Hulk: Her sister doesn't show any strong signs of attraction to me, which is a damn good thing, because if she did, it would take every last ounce of willpower I have to resist. Not that the commandments means much to me, but
now I see why one of the Ten Commandments is "Don't covet your neighbors wife". 

toast: Frieda, isn't that the movie with Selma Hayek? Oh my sweet Selma. She's like #3 on my list of mega-babes.

Anyway, Like was said earlier in this thread, it really does boil down to my willpower, and decide to admire the curtains, instead of those curves.


----------



## edX (May 29, 2003)

there are no laws against looking. there are laws against doing much else - at least in so far as adultry is grounds for divorce. 

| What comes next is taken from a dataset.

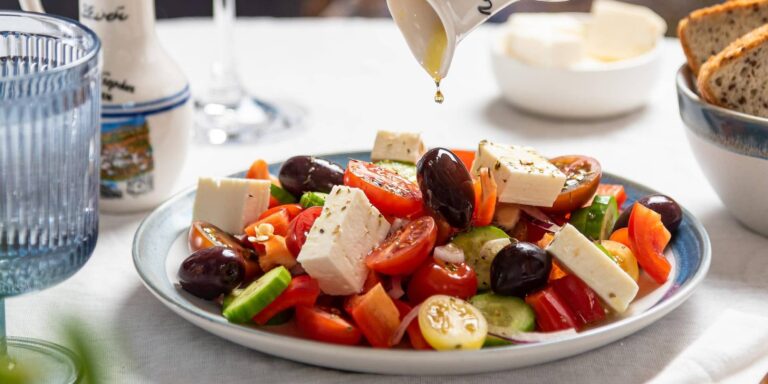 Taste Atlas: 10 ελληνικές περιφέρειες στις καλύτερες του κόσμου για διακοπές με βάση το φαγητό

my biggest suggestion - take the sexual energy that your sis-in-law inspires and channel it into your intimate relationship with your wife from time to time. i'll guess the wife will love that. as my partner say, "it's doesn't matter where you get your appetite as long as you eat at home." just don't slip and call your wife by her sis's name cause then you will have some real explaining to do.


----------



## Cat (May 29, 2003)

> "it's doesn't matter where you get your appetite as long as you eat at home."



That's a good one.


----------



## habilis (May 29, 2003)

LOL, Yes, that _is_ a good one, and a good idea...


----------



## serpicolugnut (May 29, 2003)

As someone who has been in a very similar situation to yours, and made the wrong choice, let me offer you some good advice...

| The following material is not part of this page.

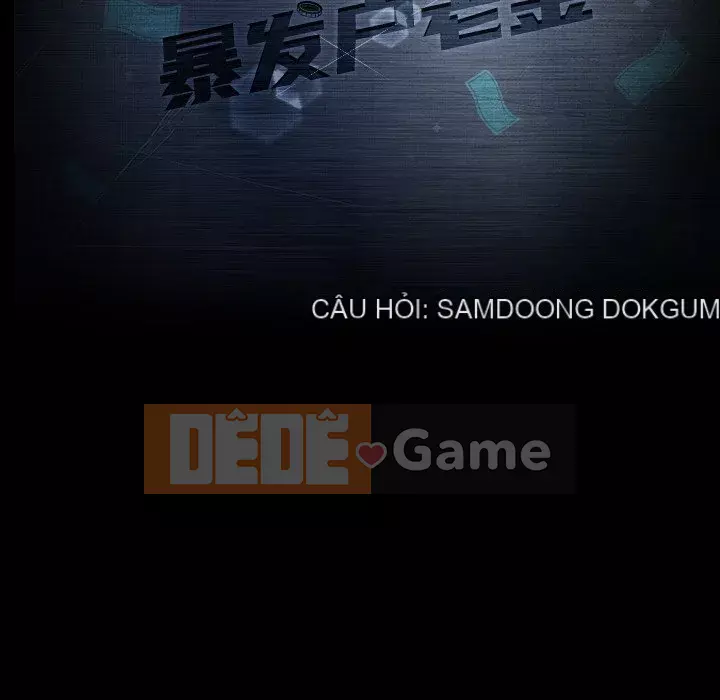 Vàng cũ bên cạnh Chương 20-21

1. Don't talk to your wife about this. It's only going to compound the problem, and make you an outsider to her family, because believe me - she will tell her sister, and it will get back to their parents.

2. Focus on all the great stuff you love about your wife, and pick apart the things you don't like about her sister. Sure, she looks great, but she must have a personality, and chances are, you can find many faults with her there, thereby diminishing your infatuation.

3. Spend as little time with your wife's sister as possible.  Don't go out of your way to do it so as to arouse suspicion, but when at all possible, avoid the eye candy.

Above all, remember the reasons why you married your wife, and consider what a betrayal she would feel if she even knew you spoke out loud this fascination. You really wouldn't be happy if you had a handsome brother, and your wife was lusting after him, would you?

Bury it, and bury it deep...


----------



## Darkshadow (May 29, 2003)

Hmm...never been in this particular situation, but I'd say Ed's suggestion makes the most sense. 

Serp's second piece of advice is good too.  If you focus on some negative thing, it'll diminish those feelings.  And probably reinforce some of the feelings you have for your wife at the same time.


----------



## Arden (May 29, 2003)

> _From binaryDigit's article_
> *The major online companies all state on their Web sites that they are not law firms and don't sell legal advice.*


Only illegal advice, right? 


> _Originally posted by habilis_
> *Nah I got the smart one, which can come in quite handy at times.*


Isn't it something like only enough material for brains or breasts, and not both?  Robin Williams once said God gave him a brain and a penis, and only enough blood for one at a time... I guess this could be similar: only enough soft, squishy material to fill the brain or the breasts, and not both.


----------



## toast (May 29, 2003)

Yeas habilis, Frieda (no 'e' in French). And that Selma Hayek... hm... why isn't she my girlfriend's sister ?


----------



## habilis (May 30, 2003)

> _Originally posted by arden _
> 
> Isn't it something like only enough material for brains or breasts, and not both?  Robin Williams once said God gave him a brain and a penis, and only enough blood for one at a time... I guess this could be similar: only enough soft, squishy material to fill the brain or the breasts, and not both. [/B]


Yeah, unless you're Vanna White, then you got it all. Also, I want to personally thank God right now for making silicone, to offset this phenomenon.


----------



## Arden (May 30, 2003)

Silicone breasts are disgusting.  Real or nothing.


----------



## habilis (May 30, 2003)

arden: It all depends. I've seen high quality boob jobs that have the natural looking S-curve. But that was for a research project, I swear.


----------



## Arden (May 30, 2003)

Um, define "seen..." ::angel::


----------



## Darkshadow (May 31, 2003)

A research project.  Hahahaha....suuuuure it was.


----------



## Cat (May 31, 2003)

> A research project



Rate the following samples from 1 (squishy) to 5 (firm).

 LOL! 

Was it some kind of Turing test to distinguish artificial from natural breasts?

Sign me up!


----------



## toast (May 31, 2003)

You're the same kind of scientist I am.


----------



## Arden (Jun 2, 2003)

I'm no scientist, I work for the FBI.  ::angel::

If anyone gets that, you can go ahead and post it.


----------



## Arden (Jun 2, 2003)

This just occurred to me:

How "little" is your "problem?"


----------